Texas Gov. Rick Perry has vaulted to the front of the field of Republican presidential candidates, according to the first Gallup poll conducted since Perry declared his candidacy earlier this month.
Perry now leads former Massachusetts Gov. Mitt Romney among Republicans and Republican-leaning independents, 25 to 14 percent. Last month, Perry ran a close second to Romney, trailing the erstwhile frontrunner by just two points despite the fact that Perry had yet to officially announce he would run.
Perry expands his lead to 12 points, 29 to 17 percent, when Gallup substituted the second choices of respondents who selected former Alaska Gov. Sarah Palin and former New York City Mayor Rudy Giuliani, who have not ruled out bids but are considered unlikely to run.

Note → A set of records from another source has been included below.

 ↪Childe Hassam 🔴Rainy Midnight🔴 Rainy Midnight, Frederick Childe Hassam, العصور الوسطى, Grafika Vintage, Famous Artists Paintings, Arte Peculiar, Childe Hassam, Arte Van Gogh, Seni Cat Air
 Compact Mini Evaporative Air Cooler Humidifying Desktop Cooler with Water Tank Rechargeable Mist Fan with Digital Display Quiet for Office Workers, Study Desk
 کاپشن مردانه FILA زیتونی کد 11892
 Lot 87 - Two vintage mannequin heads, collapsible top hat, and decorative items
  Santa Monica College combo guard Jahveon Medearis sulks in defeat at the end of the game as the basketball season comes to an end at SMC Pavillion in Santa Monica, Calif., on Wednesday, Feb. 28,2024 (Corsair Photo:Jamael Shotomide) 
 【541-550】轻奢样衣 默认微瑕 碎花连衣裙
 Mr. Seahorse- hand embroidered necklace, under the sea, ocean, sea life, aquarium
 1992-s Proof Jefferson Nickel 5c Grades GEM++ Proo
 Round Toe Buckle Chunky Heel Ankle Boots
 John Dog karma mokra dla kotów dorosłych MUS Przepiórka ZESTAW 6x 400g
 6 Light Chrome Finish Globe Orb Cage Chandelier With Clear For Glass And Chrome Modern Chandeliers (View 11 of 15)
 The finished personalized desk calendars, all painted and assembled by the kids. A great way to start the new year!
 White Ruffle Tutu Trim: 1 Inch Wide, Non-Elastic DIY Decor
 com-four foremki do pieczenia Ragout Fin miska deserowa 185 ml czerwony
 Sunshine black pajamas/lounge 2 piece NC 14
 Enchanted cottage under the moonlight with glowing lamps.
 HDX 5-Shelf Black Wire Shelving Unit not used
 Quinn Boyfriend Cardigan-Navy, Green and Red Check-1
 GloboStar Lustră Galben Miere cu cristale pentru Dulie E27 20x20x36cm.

With Palin and Giuliani out of the picture, Rep. Ron Paul, R-Tex., is third at 13 percent, while Rep. Michele Bachmann, R-Minn., runs fourth with 10 percent. No other candidate earned more than four percent, and 17 percent of respondents said they were undecided.
Perry, who now may be considered the national frontrunner, runs strongest among older and Southern Republicans, earning nearly 40 percent of the vote among those groups. He also leads by a wide margin among those Republicans identify as conservatives. Even among liberal and moderate Republicans, Perry (17 percent) and Romney (21 percent) are virtually tied.
Meanwhile, Bachmann's fourth-place showing indicates that she received little if any national bounce from her victory earlier this month in a key straw poll of Iowa Republicans. Regionally, Bachmann is strongest in the Midwest (15 percent), but she still trails Perry (23 percent), Romney (20 percent) and Paul (18 percent) in that part of the country.
Gallup previously reported that Perry's name recognition has been rising -- with no noticeable drag on his favorability.
But Perry's resounding debut in the Republican field is not a guaranteed indicator of success: Former Sen. Fred Thompson, R-Tenn., was a strong second to Giuliani upon entering the 2008 race, and retired General Wesley Clark led the first Gallup poll of the 2004 Democratic race after he announced his candidacy.
The Gallup poll was conducted Aug. 17-21, surveying 1,040 Republicans and Republican-leaning independents. The margin of error is +/- 3.0 percent.